Hobo Lucifer transformed into the Hijab clad woman who lived down the street from me a few years ago.  “Did you love me like a sister?”

Again, I saved myself from having to answer by reappearing, as an old woman this time, looking suspiciously at my neighbor and whispering about decreasing property values.

Lucifer shimmered and changed one last time.  He took on the features of Steven, my youngest son.  I didn’t think that the pain I was experiencing could get any worse, but looking at Stevie, my heart shattered.  He was 17 years old, the day he told his father and I that he was gay.  For the first time, I experienced his pain in that moment, instead of just my own.  I felt his heartbreak.  I felt his shame.  I felt the same pain my baby boy felt as his father and I called him an abomination and slammed the door of his home in his face - our final act as his parents.

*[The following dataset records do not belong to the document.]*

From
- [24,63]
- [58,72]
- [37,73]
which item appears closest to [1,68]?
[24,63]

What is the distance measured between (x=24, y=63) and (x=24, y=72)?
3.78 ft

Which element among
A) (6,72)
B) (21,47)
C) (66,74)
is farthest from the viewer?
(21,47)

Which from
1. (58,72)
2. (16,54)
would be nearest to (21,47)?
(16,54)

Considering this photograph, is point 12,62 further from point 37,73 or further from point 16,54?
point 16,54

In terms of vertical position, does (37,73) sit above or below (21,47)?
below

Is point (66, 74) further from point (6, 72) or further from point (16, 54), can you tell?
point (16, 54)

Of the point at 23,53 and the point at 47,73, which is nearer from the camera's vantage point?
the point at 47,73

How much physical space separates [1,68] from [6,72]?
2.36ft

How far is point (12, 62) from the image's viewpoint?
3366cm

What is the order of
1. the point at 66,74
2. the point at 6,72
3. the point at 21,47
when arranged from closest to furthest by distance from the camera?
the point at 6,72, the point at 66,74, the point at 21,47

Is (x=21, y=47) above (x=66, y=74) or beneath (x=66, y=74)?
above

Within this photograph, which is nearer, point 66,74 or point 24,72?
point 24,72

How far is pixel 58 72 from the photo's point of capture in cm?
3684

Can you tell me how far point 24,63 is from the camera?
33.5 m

I closed my eyes around a fresh batch of acid tears and understood.  I may have been a good Christian, but I hadn’t been a good person.  I was given a simple task; to love my fellow man – and I’d failed.  I hadn’t even properly loved my own.

“I’m so sorry!”  These were the first words I’d been able to vocalize in hell.  My voice sounded sharp and weak, as if it carried the weight of my newly revealed transgressions.

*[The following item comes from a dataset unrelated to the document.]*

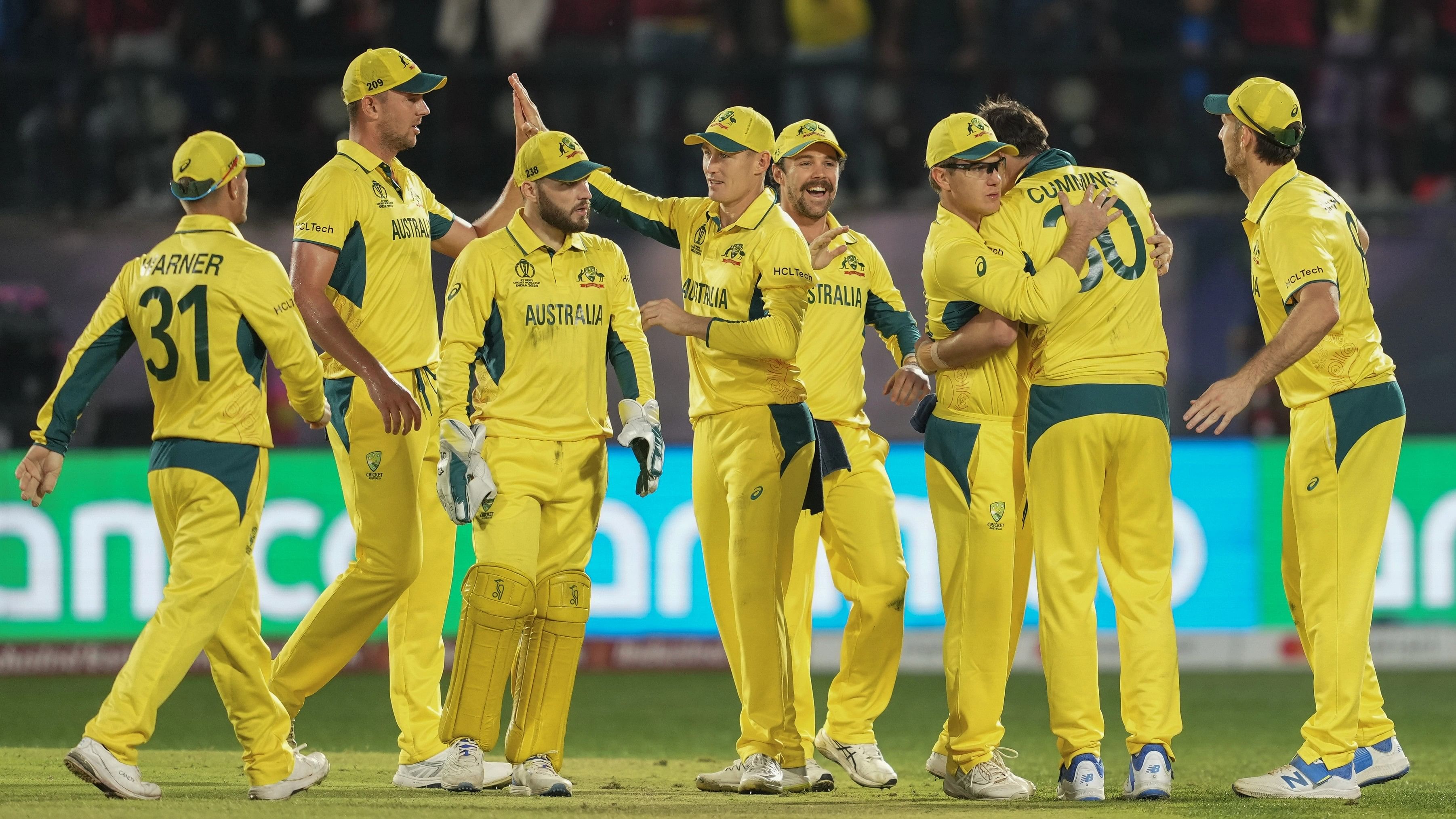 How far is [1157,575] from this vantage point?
6.20 m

“You are sorry, Mary.”  Lucifer’s tone was more remorseful than mocking this time.  “If it helps at all, you aren’t alone.”

The devil snapped his fingers and I opened my eyes to see that I was no longer in St. Joseph’s Church.  I was sitting on a bench, in a row of benches that extended farther that I could see in every direction. I was lost in a sea of faces. 

Lucifer’s form vanished but his voice echoed around the cavernous void of lost humanity, “Most people get it wrong, Mary.  I keep all of you unworthy souls away from God, he has such faith in you pathetic humans…it would hurt him deeply to know what his favorite creations are really like.”

As his voice faded away horrified screams and pain wracked shrieks filled my ears.  I raised my own voice, hoping to be heard over the cacophony of noise around me, “Is there anything I can do?”

Lucifer’s laugh reached my ears over the din around me as his form faded away, “Yes, Mary.  You can feel remorse with no self pity attached to it.  But good luck with that, no one ever has.”